Los primeros internautas convirtieron la broma en jerga
La repetición intrusiva del sketch era una metáfora perfecta para mensajes molestos. En los años noventa, usuarios de internet empezaron a llamar “spam” y “spamming” al contenido no solicitado o distribuido repetidamente, incluido el correo no deseado. La fuente atribuye al usuario de USENET Richard Depew el primer uso documentado en este sentido.
Del bromismo a la publicidad
Muchos mensajes iniciales eran bromas o publicaciones disruptivas, pero el envío no solicitado pronto se convirtió en herramienta publicitaria. En 1997, la FTC estadounidense celebró audiencias para estudiar el problema creciente y posibles respuestas, dejando entonces buena parte de la reacción en manos de la industria, los consumidores y el mercado.

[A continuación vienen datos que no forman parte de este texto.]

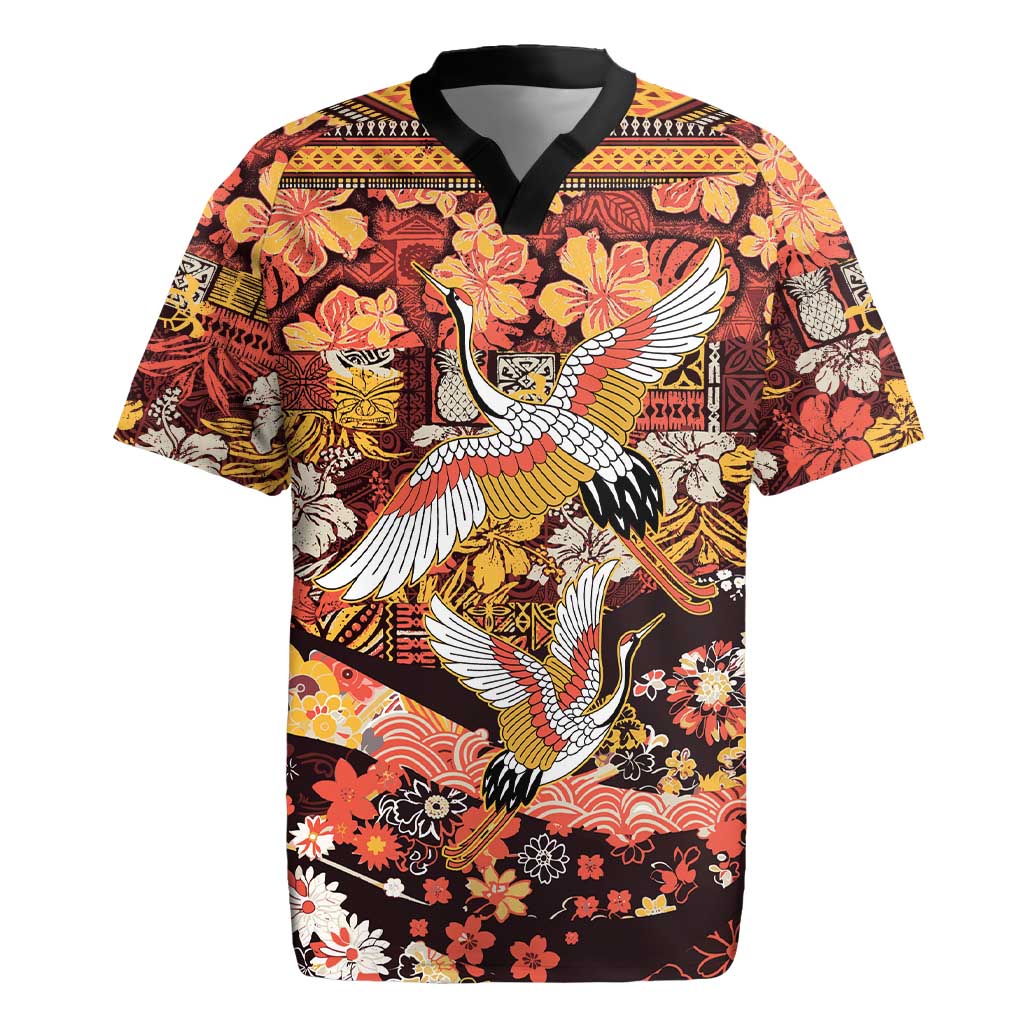 Japanese Hawaiian Crane Rugby Jersey Yellow Ochre Tapa Patchwork Pattern LT9 Yellow - Polynesian Pride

Hormel no quería esa asociación
Hormel Foods, propietaria de la marca SPAM, no estaba satisfecha de que su producto más conocido quedara asociado con una de las grandes molestias de internet. Impulsó disputas de marca contra servicios antispam como Spambuster y SpamArrest, sin éxito. Los tribunales consideraron que los consumidores podían distinguir el alimento SPAM del spam electrónico. Así, SPAM sigue siendo la marca alimentaria y “spam” el término común para mensajes digitales no deseados.